Mining

Zimbabwe to Ban Lithium Concentrate Exports from 2027

Zimbabwe’s government has announced plans to ban the export of lithium concentrates effective January 1, 2027. This announcement, made by Mines Minister Winston Chitando during a post-Cabinet briefing, marks a strategic advancement in Zimbabwe’s resource beneficiation policy, following the 2022 ban on raw lithium ore exports.

Since December 2022, Zimbabwe has prohibited the export of unprocessed lithium ore, but has allowed the sale of lithium concentrate — a mined and partly processed form of spodumene. Under the new policy, even this semi‑processed material will no longer be eligible for export by early 2027.

Minister Chitando emphasised that the ban reflects the country’s growing capacity to process lithium domestically into lithium sulfate — a vital intermediate used to produce battery-grade lithium hydroxide and carbonate.

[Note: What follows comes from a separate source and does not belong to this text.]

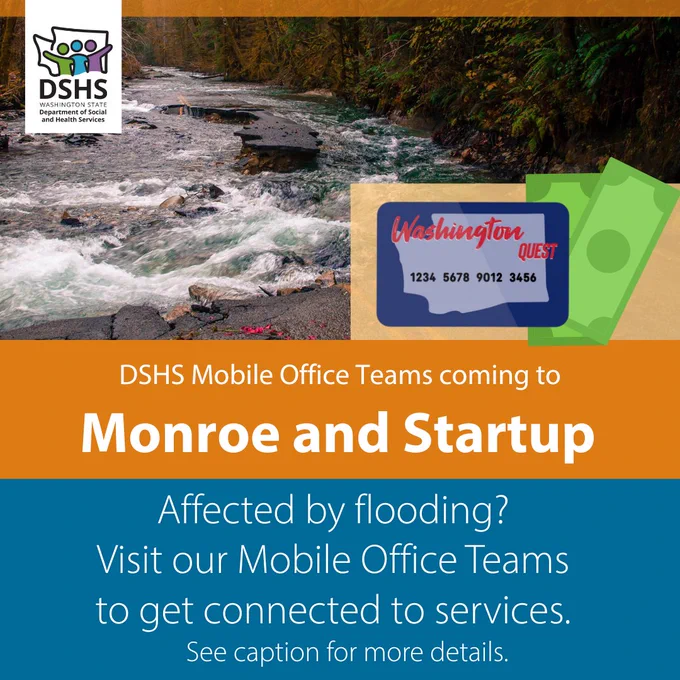 Photo of flooding river. Illustration of Washington EBT card and cash. DSHS logo. Text matches post.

China-backed companies Bikita Minerals (Sinomine) and Prospect Lithium Zimbabwe (Zhejiang Huayou Cobalt) are already constructing lithium sulfate production facilities. Chitando noted these units herald the country’s readiness for deeper beneficiation.

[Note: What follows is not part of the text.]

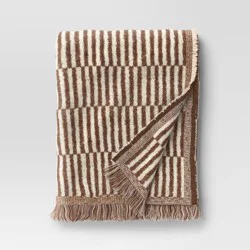 50''x60'' Oversized Woven Linework Throw Blanket Dark Camel/Cream - Threshold™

Strategic Economic Upgrading

This ban is part of a two-step evolution: first eliminating raw ore exports in 2022, and now moving toward full domestic processing of concentrate by 2027. Zimbabwe, Africa’s top lithium producer, holds roughly 480,000 tonnes of lithium reserves and produced 22,000 tonnes in 2024 — a 50% increase from the previous year. The government aims to capture more value by shifting from exporting low‑margin resources to exporting higher‑value battery-grade materials.

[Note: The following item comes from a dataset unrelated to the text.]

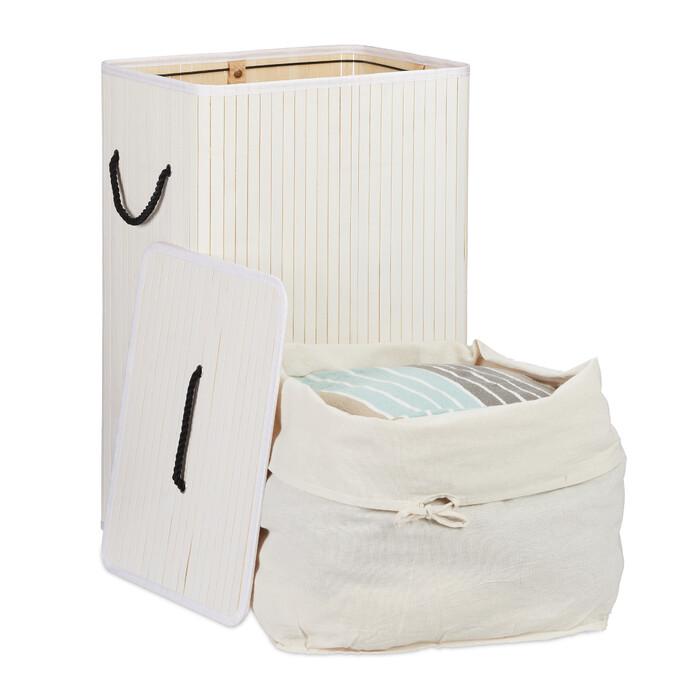 Relaxdays Bamboo Laundry Basket Rectangular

Battery-grade lithium commands 6 to 7 times the revenue of raw concentrate, significantly boosting export income. Additionally, this strategy can create skilled manufacturing jobs, expand technical expertise, and insulate Zimbabwe’s economy from volatile commodity price cycles.

Deadline and Compliance Push

The government has provided nearly two years for companies to adjust. The ban applies from January 1, 2027, signalling urgency while allowing time for infrastructure development. Chitando also encouraged firms to form toll-processing agreements with existing operators if they themselves lack refinery capacity.

In March 2024, firms had been asked to submit refinery plans; however, that requirement was temporarily downplayed due to declining lithium prices.

Investment Surge & Global Positioning

Since 2021, Chinese investors — Sinomine, Zhejiang Huayou Cobalt, Chengxin Lithium, Yahua, and Canmax — have channelled over US $1 billion into Zimbabwean lithium projects. The forthcoming ban might accelerate a shift toward vertically integrated processing and refineries, further attracting financing in domestic infrastructure, technical know‑how, and energy.

Internationally, Zimbabwe’s move aligns with global efforts by mineral-rich countries — such as Indonesia’s nickel processing shift — to demand value addition before export. It directly challenges the global lithium-processing monopoly dominated by China, potentially encouraging European, American, or regional firms to invest in Zimbabwean downstream operations.

Projections & Risks

If fully implemented, Zimbabwe could become the continent’s first substantial lithium sulfate exporter, helping meet forecasted EV sector demands. However, challenges abound: the nation needs reliable electricity, sufficient water supply, transport upgrades, skilled labour, and quality-control labs.

Should the country fail to rapidly build processing capacity, there may be supply disruptions between 2027 and the completion of domestic refineries, threatening both investor returns and market confidence. Still, the strategic timeline — over 18 months — aims to buffer such impacts.

Zimbabwe’s planned ban on lithium concentrate exports, scheduled for January 2027, indicates a decisive step toward local beneficiation of battery metals. Drawing on increasing Chinese investment and emerging domestic capacity, Harare hopes to transition from exporting primary resources to entering global battery supply chains — provided firms, infrastructure, and finance align behind the vision.